Two batters later, Alexei Ramirez slapped an opposite-field single to right that scored two more White Sox runs and put Saunders into an early 4-0 hole.
“I was making good pitches,” Saunders said. “I kind of looked back at [catcher] Matt [Wieters] and said, 'What's going on here?' I had a little adrenaline going on there but I just told myself before the game, 'Try to be yourself and don't try to do too much in your first game.'
“I thought the only bad pitch was to Rios, and he hit that double. Things just didn't go my way in the first inning. Like I said, I made some good pitches. That's all you can do.”
Saunders allowed leadoff singles in both the second and third innings but was aided by double-play balls in both innings.
“I just told myself, ‘Just keep making pitches and things are going to start going your way,’” Saunders said. “I tried to keep the team in the ballgame as best I could. They turned some double plays for me, but I just fell short today.”
Gordon Beckham, the No. 9 hitter, put the White Sox up 5-0 in the fourth on a two-out RBI double in the fourth off reliever Kevin Gregg, a hit that came after Wieters dropped a foul pop-up off the bat of catcher Tyler Flowers with a runner on first and one out.
Flowers later moved the runner to second on a ground out, chasing Saunders from the game. Beckham then singled to allow two inherited runners to score.
Beckham, who had three hits and drove in three runs, added a two-run single in the sixth. Ramirez also had three hits.

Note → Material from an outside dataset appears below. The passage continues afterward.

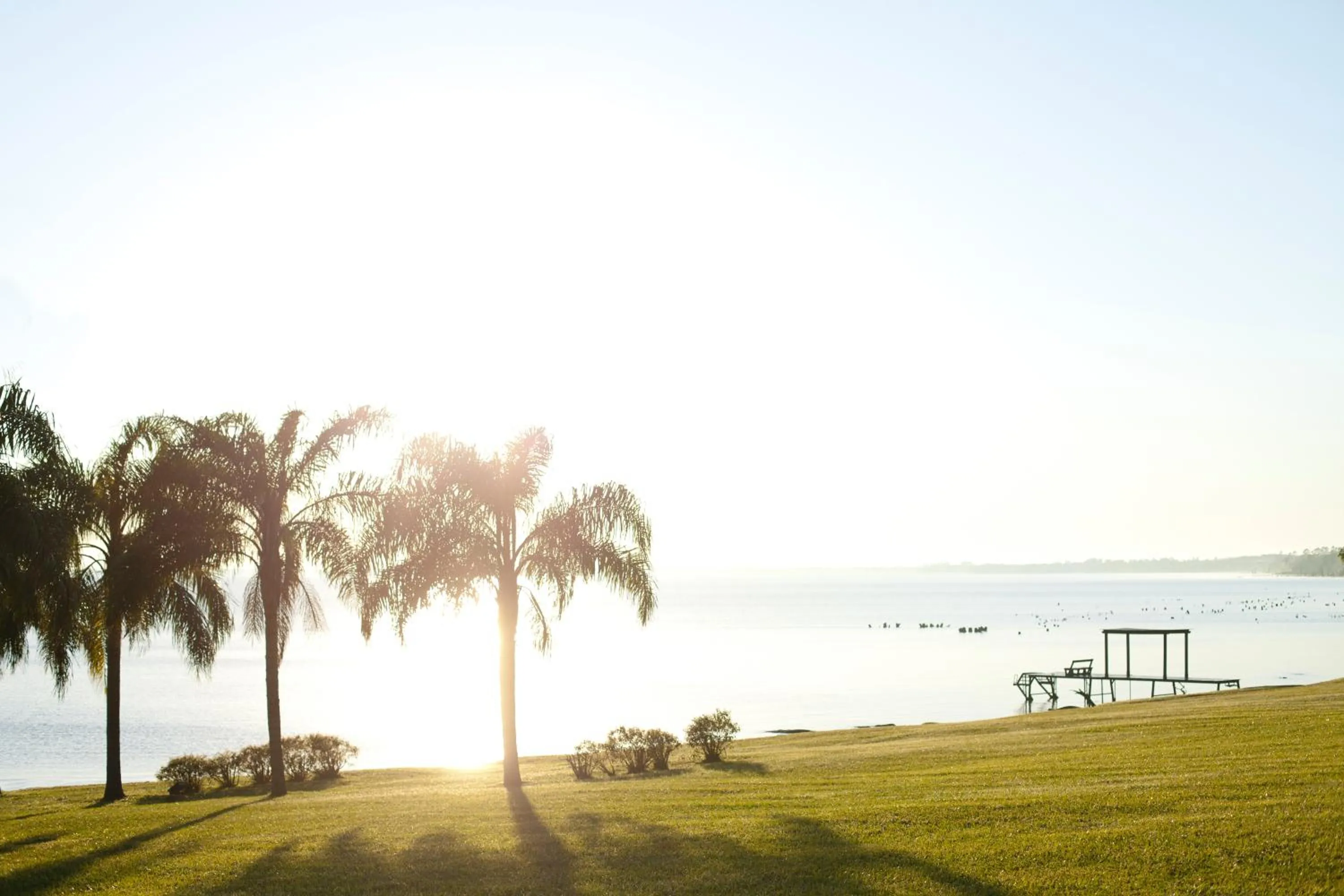 Natural landscape in Puerto Valle Hotel de Esteros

Axelrod’s run of 13 straight retired batters began after the Orioles had runners on first and second with no outs in the fourth inning, but back-to-back first-pitch fly outs helped Axelrod avoid a big inning. Orioles second baseman Omar Quintanilla drove in the Orioles’ only run with a sacrifice fly to center that scored Wieters.

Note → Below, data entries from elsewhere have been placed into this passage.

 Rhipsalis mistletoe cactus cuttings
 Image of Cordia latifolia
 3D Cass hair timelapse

In preparing for Axelrod, Showalter said the Orioles studied two of his best outings against the New York Yankees and two starts ago against the Boston Red Sox.
“He's going to mix in just enough fastballs,” Showalter said. “He's got two breaking balls. … Any time you can command two breaking balls and have that type of confidence in them, you're going to have a chance, especially when you've got a little lead to work with where you can create some aggressiveness in hitters.
“You've really got to be patient with him, because you're going to see a steady dose of different breaking balls. Everybody knew it coming in, but getting behind like that certainly didn't help matters."